Kirchherr had dreamed of photographing “charismatic” men and found her ideal subjects in the Beatles, especially their bassist at the time, Stuart Sutcliffe, a gifted painter. They quickly fell in love, even though she spoke little English and he knew little German.


“Stuart was a very special person and he was miles ahead of everybody,” she told NPR in 2010. “You know as far as intelligent and artistic feelings are concerned, he was miles ahead. So I learned a lot from him and because in the ’60s we had a very strange attitude towards being young, towards sex, towards everything.”


The Beatles in the early 1960s were nothing like the smiling superstars the world would soon know, and they seemed to have little in common with Kirchherr and her friends, young existentialists dubbed “Exies” by John Lennon. The rock group favored black leather and greased back hair and gave wild, marathon performances. The James Dean lookalike Pete Best was the Beatles’ drummer, and Paul McCartney was playing guitar, along with Lennon and George Harrison. (Best was replaced in 1962 by Ringo Starr, and McCartney moved over to bass when Sutcliffe left and became engaged to Kirchherr).


Kirchherr was liked and trusted by all of them, and her photographs captured a group still more interested in looking cool and “tough” than in being lovable. She took indelible black and white portraits, including John, Paul and George in leather and cowboy boots on a rooftop; all five with their instruments on an abandoned truck; and a moody closeup of John in an open fairground with Sutcliffe looming like a ghost in back. Self-portraits captured Kirchherr’s own distinctive looks — her high cheekbones and closely cut blonde hair.


“Absolutely stunned to hear the news of Astrid passing,” Best tweeted Friday. “God bless you love. We shared some wonderful memories and the most amazing fun times.”

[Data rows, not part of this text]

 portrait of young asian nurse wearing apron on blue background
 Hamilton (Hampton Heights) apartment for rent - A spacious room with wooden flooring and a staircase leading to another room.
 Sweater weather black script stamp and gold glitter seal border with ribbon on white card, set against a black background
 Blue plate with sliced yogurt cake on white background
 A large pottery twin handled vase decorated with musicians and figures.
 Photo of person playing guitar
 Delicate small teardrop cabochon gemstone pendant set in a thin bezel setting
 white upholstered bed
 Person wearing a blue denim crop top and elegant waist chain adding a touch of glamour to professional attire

Kirchherr had an indirect influence on the Beatles’ transformation. The collarless jackets the Beatles favored in the early days of Beatlemania were inspired by Kirchherr’s wardrobe; Sutcliffe, who was around the same height as she, had begun wearing her collarless tops. Meanwhile, Voormann had been so self-conscious about his large ears that he grew his hair longer to cover them. Kirchherr loved his new style, what became the Beatles “mop top” — hair brushed forward, without gel, a look favored by other young German artists — and Sutcliffe soon wore his hair that way. The others, after some resistance, followed along.


Her love affair with Sutcliffe was tragically brief. Sutcliffe collapsed and died of a cerebral hemorrhage in April 1962, at age 21. Kirchherr later married twice, including to the British drummer Gibson Kemp. Both marriages ended in divorce, and she would long say that she never got over Sutcliffe’s death.

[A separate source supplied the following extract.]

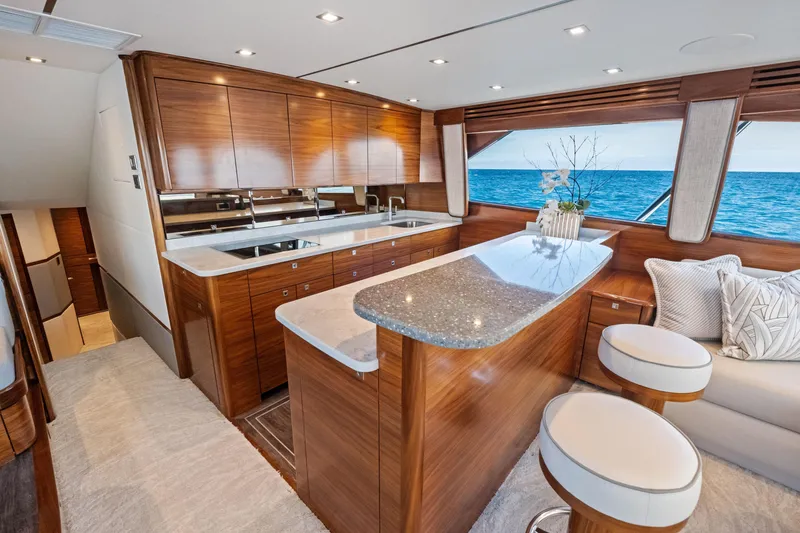  Yacht Photos Pics Luxurious interior of 2025 Viking 64 Convertible yacht with ocean view.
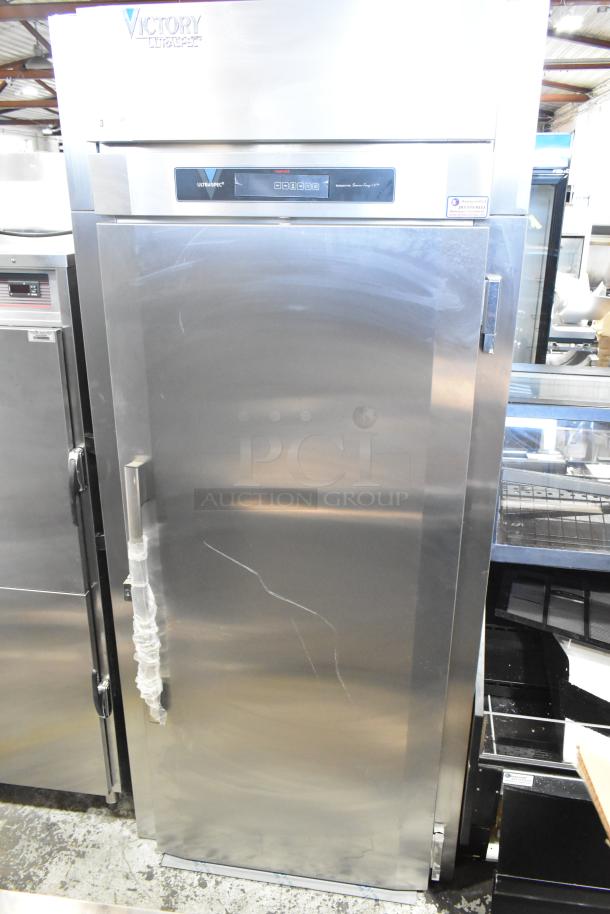 Brand new Victory HIS-1D-1-PT stainless steel commercial single door pass-through heated cabinet, 115V, slight dents visible.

“He was, and still is, the love of my life,” she told NPR in 2010. “I never, ever — and I was married a couple of times — met another man who was so fascinating, so beautiful, and so soft and well-mannered. You name it and that he was, and such a gifted artist.”


Over the decades following Sutcliffe’s death, Kirchherr worked as a freelance photographer and an interior designer among other jobs, and in recent years helped run a photography shop in Hamburg. She and Voormann remained close to the other Beatles. Voormann designed the cover of their “Revolver” album and played bass on many of their solo projects. Kirchherr’s Beatles photographs have been exhibited around the world, including at the Rock and Roll Hall of Fame in Cleveland. In the 1994 movie “Backbeat,” for which she served as a consultant, Kirchherr was played by Sheryl Lee and Sutcliffe by Stephen Dorff.


“Stephen is so much like Stuart it’s spooky,” she told The Washington Post in 1994. “Stephen has the same intensity when he talks to people. And he’s a very, very intelligent, very charming, very sexy boy. All the things I remembered Stuart had, Stephen has as well.”